= Flood fill =

Algorithm in computer graphics to add color or texture

Recursive flood fill with 4 directions

Flood fill, also called seed fill, is a flooding algorithm that determines and alters the area connected to a given node in a multi-dimensional array with some matching attribute. It is used in the "bucket" fill tool of paint programs to fill connected, similarly colored areas with a different color, and in games such as Go and Minesweeper for determining which pieces are cleared. A variant called boundary fill uses the same algorithms but is defined as the area connected to a given node that does not have a particular attribute.

Note that flood filling is not suitable for drawing filled polygons, as it will miss some pixels in more acute corners. Instead, see Even-odd rule and Nonzero-rule.

==Algorithm parameters==

Recursive flood fill with 8 directions

The traditional flood-fill algorithm takes three parameters: a start node, a target color, and a replacement color. The algorithm looks for all nodes in the array that are connected to the start node by a path of the target color and changes them to the replacement color. For a boundary-fill, in place of the target color, a border color would be supplied.

In order to generalize the algorithm in the common way, the following descriptions will instead have two routines available. One called Inside which returns true for unfilled points that, by their color, would be inside the filled area, and one called Set which fills a pixel/node.
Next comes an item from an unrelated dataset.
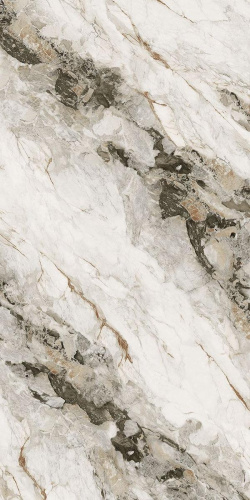 Керамогранит AB 3108G Roca full lappato 120x60, Absolut Gres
Any node that has Set called on it must then no longer be Inside.

Depending on whether we consider nodes touching at the corners connected or not, we have two variations: eight-way and four-way respectively.
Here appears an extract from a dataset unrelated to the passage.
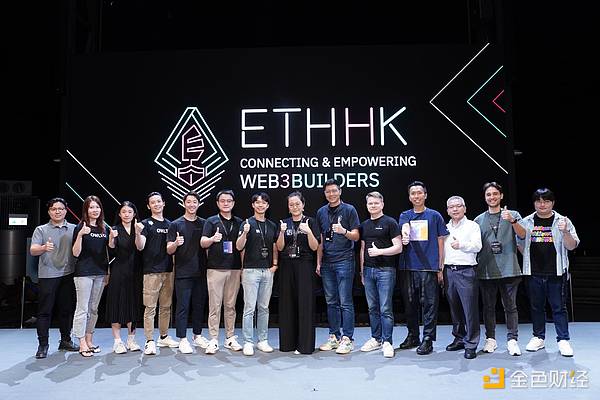 重磅合作！燧原科技携手多方共建数字丝绸之路算力新生态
== Stack-based recursive implementation (four-way) ==

The earliest-known, implicitly stack-based, recursive, four-way flood-fill implementation goes as follows:

 Flood-fill (node):
  1. If node is not Inside return.
  2. Set the node
  3. Perform Flood-fill one step to the south of node.
  4. Perform Flood-fill one step to the north of node
  5. Perform Flood-fill one step to the west of node
  6. Perform Flood-fill one step to the east of node
  7. Return.

Though easy to understand, the implementation of the algorithm used above is impractical in languages and environments where stack space is severely constrained (e.g. Microcontrollers).

=== Moving the recursion into a data structure ===

Four-way flood fill using a queue for storage
Four-way flood fill using a stack for storage

Moving the recursion into a data structure (either a stack or a queue) prevents a stack overflow. It is similar to the simple recursive solution, except that instead of making recursive calls, it pushes the nodes onto a stack or queue for consumption, with the choice of data structure affecting the proliferation pattern:

 Flood-fill (node):
   1. Set Q to the empty queue or stack.
   2. Add node to the end of Q.
   3. While Q is not empty:
   4. Set n equal to the first element of Q.
   5. Remove first element from Q.
   6. If n is Inside:
          Set the n
          Add the node to the west of n to the end of Q.
          Add the node to the east of n to the end of Q.
          Add the node to the north of n to the end of Q.
          Add the node to the south of n to the end of Q.
   7. Continue looping until Q is exhausted.
   8. Return.

=== Further potential optimizations ===
- Check and set each node's pixel color before adding it to the stack/queue, reducing stack/queue size.
- Use a loop for the east–west directions, queuing pixels above/below as you go (making it similar to the span filling algorithms, below).
- Interleave two or more copies of the code with extra stacks/queues, to allow out-of-order processors more opportunity to parallelize.
- Use multiple threads (ideally with slightly different visiting orders, so they don't stay in the same area).

=== Advantages ===
- Very simple algorithm - easy to make bug-free.

=== Disadvantages ===
- Uses a lot of memory, particularly when using a stack.
- Tests most filled pixels a total of four times.
- Not suitable for pattern filling, as it requires pixel test results to change.
- Access pattern is not cache-friendly, for the queuing variant.
- Cannot easily optimize for multi-pixel words or bitplanes.

== Span filling ==

Scanline fill using a stack for storage

It's possible to optimize things further by working primarily with spans, a row with constant y. The first published complete example works on the following basic principle.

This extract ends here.